The business of free
I’ve been using Mailbox for about a month, and—as I make clear in
my review—I’m a big fan. But should customers be worried about the long-term viability of the app, given its $0.00 price tag? Underwood says no.
“We’re really following in the footsteps of companies like Dropbox and Evernote, who have demonstrated their ability to make a good business out of a ‘freemium’ model. You give people a version of the experience for free, and have a series of premium features that more hardcore users can step up and pay for if they’re interested.”
As to what those premium features might be, Underwood is tight-lipped: “We have a lot of stuff in the pipe… But we’re not talking about them yet, because part of the fun is revealing them over time.”
Though he wouldn’t spill about upcoming premium features, Underwood did offer a few peeks at where Mailbox is headed. “A native iPad experience is coming,” he said. In fact: “Our goal is to get this app onto every device that people use email on, which means the desktop and Android and maybe other mobile devices as well.”
Mailbox’s primary limitation at launch is that it’s limited to Gmail accounts. That limitation won’t last forever, Underwood said.
“We had to focus with Gmail, but we architected the system so that we can add other email providers as we grow, relatively pain-free.” Limiting the initial release of the app to the iPhone and Gmail, Underwood said, “is just a way for us to have a shot at getting an excellent email app out the door. The ante is so high for email, there’s so much that you have to get right, that we had to constrain the process.”
The acquisition question
The last company to try to reinvent mobile email was Sparrow; it ended up getting
acquired by Google. I asked Underwood whether he expects acquisition might be in Mailbox’s future as well.
Buyouts are “always a risk, to be honest,” he said. Underwood pointed to situations that he thinks motivate acquisitions: “a product isn’t going at a consistent scale, or isn’t likely to grow into a big business, so the team needs to find a home for it, or find a home for the talent.” While he acknowledged the possibility that Mailbox could face such issues, he said that “our hope is to build a big and real business out of this.”

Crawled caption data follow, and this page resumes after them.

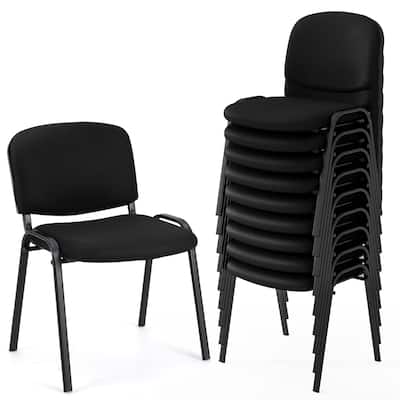 Gymax Set of 10 Office Guest Chair Stackable Reception Chair Waiting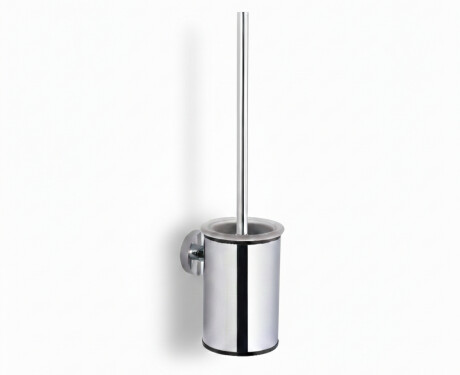 CLASSIC—Low-profile wall-mounted toilet brush / metal holder, glass brush head / chrome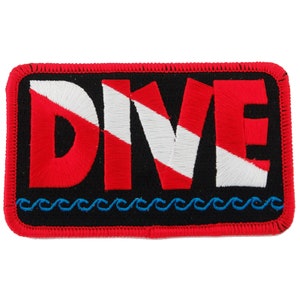 DIVE LOGO Scuba Diving PATCH Embroidered Iron-on Applique Emblem Diver ...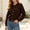Coffee, variant on Xdegoge Crop Cardigan for Women Long Sleeve Button Down Pointelle Hollow Out Lightweight Knit Sweater Casual Cozy Fall Outerwear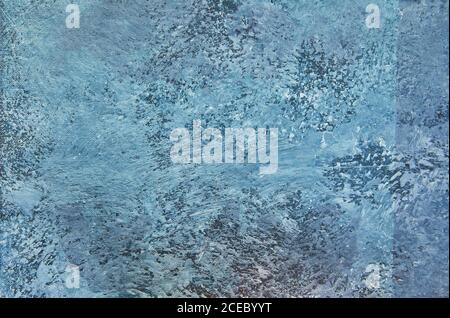 Dark Blue - light blue concrete background with stains, background texture. Stock Photo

And Underwood likes his chances. “One of the big opportunities here is that pretty much everybody uses email, pretty much everybody uses email on their phone, and pretty much everybody who uses email on their phone kind of hates it right now. And if we can address that problem at scale, we can build a real business.”
Mailbox’s goal, Underwood said, is to “take pain out of your day to day experiences” of managing email, especially using it as a to-do list. If Mailbox can “take a little bit of friction out of email-based collaboration, and do that with a lot of people, you’re greasing the skids for a lot of people.”
Citing the famous Steve Jobs quote, Underwood said that the appeal of building Mailbox was the potential of making
a dent in the universe. “I think we have a shot.”